If history is in fact written by the victors, it’s safe to assume baseball’s Steroid Era will endure a fair bit of revisionist history. Why? The guilty keep winning and the powers-that-be in Major League Baseball don’t seem to care to take any drastic action.
Then again, why would they? They’ve got a multi-billion dollar enterprise. Besides, they’re a business, not a platform for higher moral standards.
The next generation of baseball fans be damned.
With a new World Series champion to be crowned in a months’ time, four teams remain in contention. In listening to and reading the critics, there’s one match-up that many are hoping for: New York Yankees vs. Los Angeles Dodgers.
And why wouldn’t they? From a media standpoint, the story lines abound:
• Tradition – They’re two iconic clubs, among the oldest and most storied in the game, and also have two of the largest fan bases.
• History – The teams once shared city borders when the Dodgers were based in Brooklyn. The team relocated across the country in 1958.
• The Torre Factor – Estranged Yankees manager Joe Torre traded pinstripes for Dodger blue after not being resigned by the club he led for 12 seasons. Despite four World Series titles, six American League pennants and a playoff appearance each season, he was allowed to walk.
Then there’s that other issue that somehow seems to get swept aside when ratings and ad dollars are at stake: Performance Enhancing Drugs. Along with the host of story lines, the two teams also have two of the most recognizable known performance enhancement users on their rosters: the Yankees’ Alex Rodriguez and the Dodgers’ Manny Ramirez.
According to some, one of the validating factors of a Yankees-Dodgers series is that it will signal the beginning phase of closure to the Steroid Era.
What?
The cloud of uncertainty surrounding the past 15 years of baseball is nowhere near dissipating as names continue to be leaked from the infamous 2003 survey testing list, and yet, there are already talks of closure? Both Rodriguez and Ramirez were outed in the past six months, and both continue to collect hefty salaries and play for postseason accolades.
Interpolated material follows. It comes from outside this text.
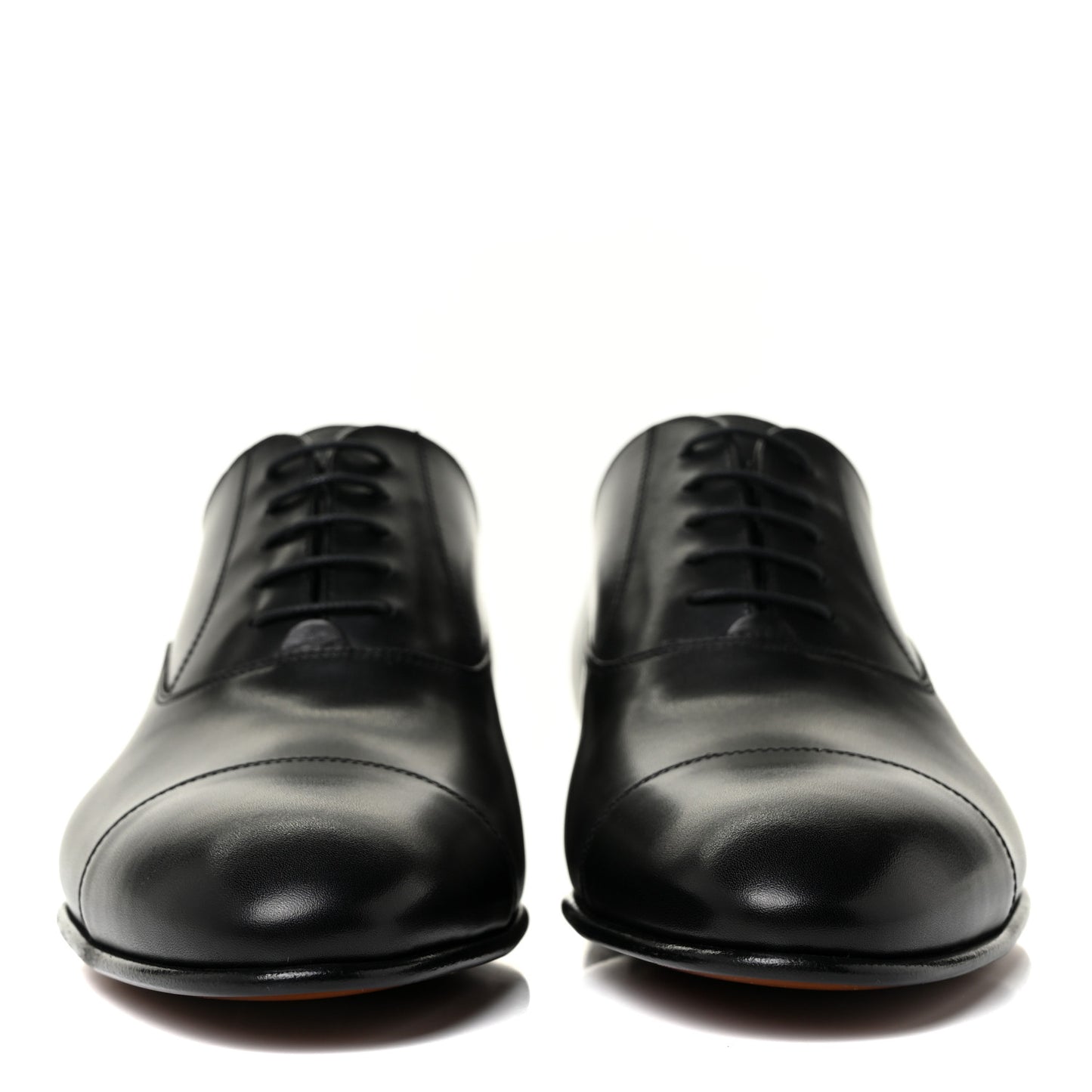 Smooth Calfskin Mens Loafers 42 Black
And yet, there are talks of progress?
The only certainly to date is that an entire generation of fans of this country’s national pastime has been exposed to a tainted slate of broken records, champions and high-profile stars. And it’s a period that is irrevocably lost to court proceedings and lies.
What does a dad say to a son who dreams of one day playing in the big leagues? To whom do they point as an example of what’s right with baseball? Most every big name that has had a period of success has been assigned the scarlet letter ‘C’, for cheater.
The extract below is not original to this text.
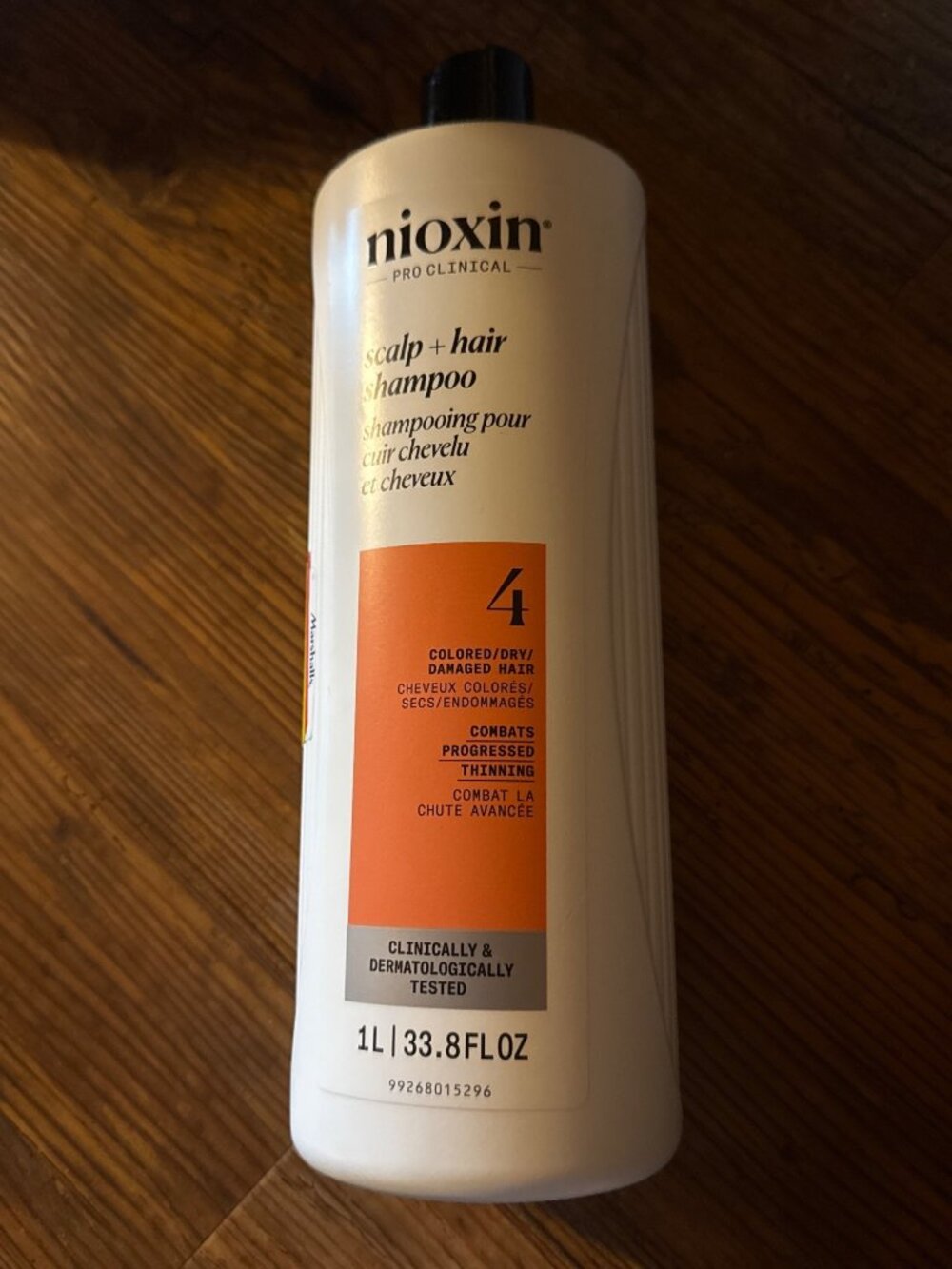 Nioxin System #4 Shampoo 33.8 Fl oz (1 Liter) New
Stringent drug testing procedures are now in place, and seem to be having an effect, reflected in those players who’ve undergone a makeover in statistical matter. But what message does that send to the fans and their lingering feelings of being deceived?
Get over it.
The message sent to the future millionaires of MLB, on the other hand, is this: “Run and hide. Change your ways. We won’t ask, we won’t tell. Just don’t do it again or we’ll suspend you for a little while and you can go off and enjoy the millions of dollars that you’ve unethically earned to the dismay of millions of viewers.”
No doubt that the MLB playoffs bring a heightened sense of drama and enjoyment to sports fans across the country, but that shouldn’t be enough to hide what’s really going on. If enough people say steroids are a thing of the past, hopefully we’ll get over it, right?
Wrong.
A common happening in the ebb and flow of professional sports teams is rise and fall, success and failure, dominance and rebuilding. Following the height of the Mark McGwire-Sammy Sosa duel of 1998 in breaking Rogis Maris’ revered home run record – which resulted in returning baseball to national sports prominence – the mighty have since fallen.
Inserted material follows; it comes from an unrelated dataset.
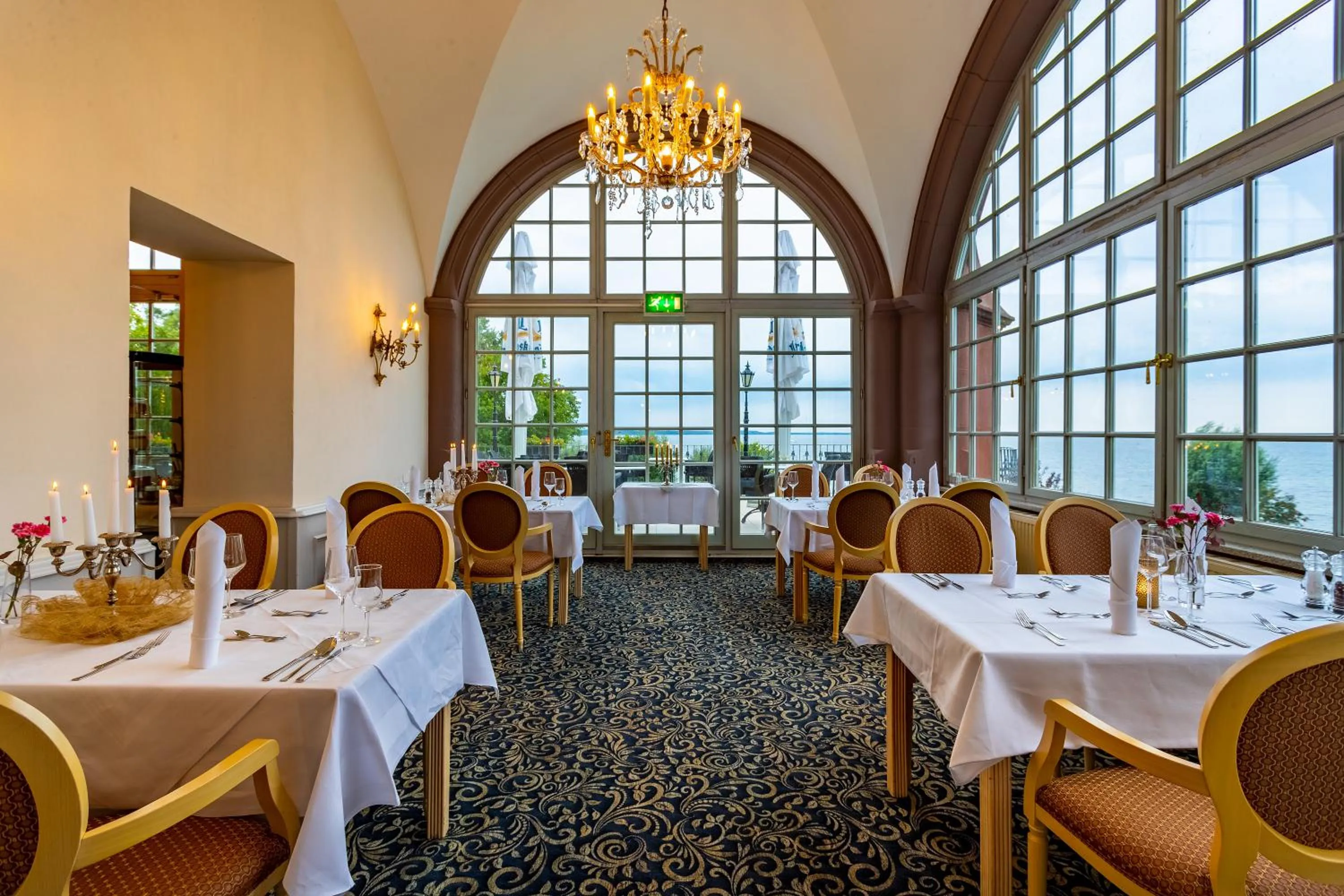 Restaurant/places to eat in Seehotel Schloss Klink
And so baseball enters a collective era of rebuilding. Rebuilding legitimacy. Rebuilding a fanbase. Rebuilding faith in its product. Baseball has long stood as sacred ground in the annals of American sports, but the luster is long gone. Now it’s on the MLB to right its wrongs and do so in a way that treats its paying customers in a way they deserve.
Written for my Personal & Professional Style class at JSchool at Columbia University.